Assignment:
Omit all pictures, and print word for word only the lines from the one containing "A boat with" through the end of the data.

--- Data shown ---

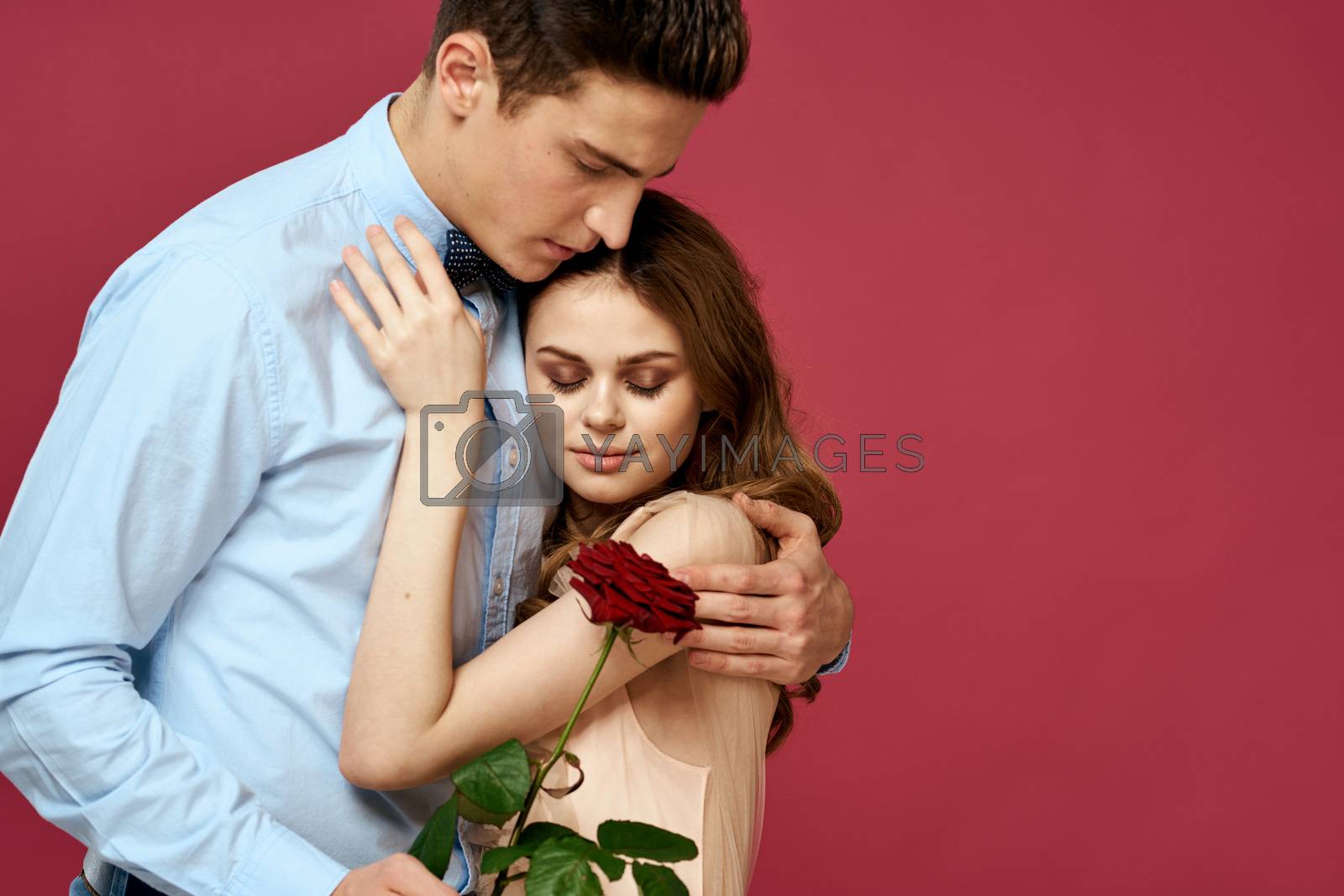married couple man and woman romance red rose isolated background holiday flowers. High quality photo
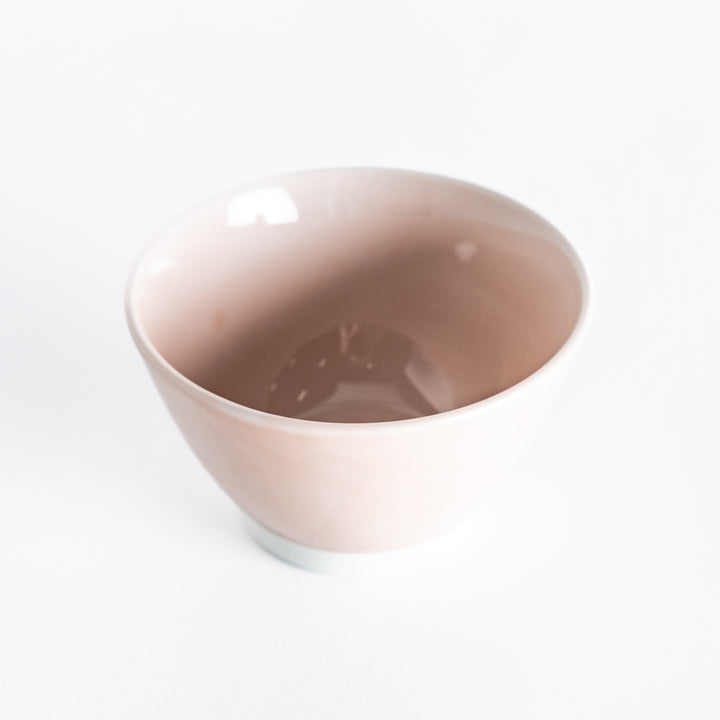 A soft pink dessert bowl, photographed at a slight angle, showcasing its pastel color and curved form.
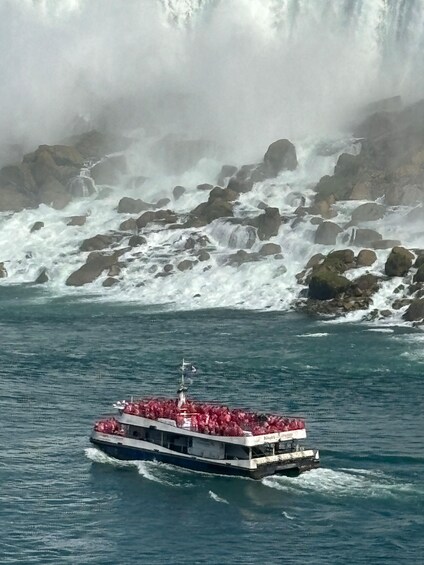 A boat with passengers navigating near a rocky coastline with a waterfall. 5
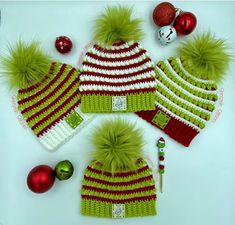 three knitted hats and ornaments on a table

---

Solution:
 A boat with passengers navigating near a rocky coastline with a waterfall. 5
 three knitted hats and ornaments on a table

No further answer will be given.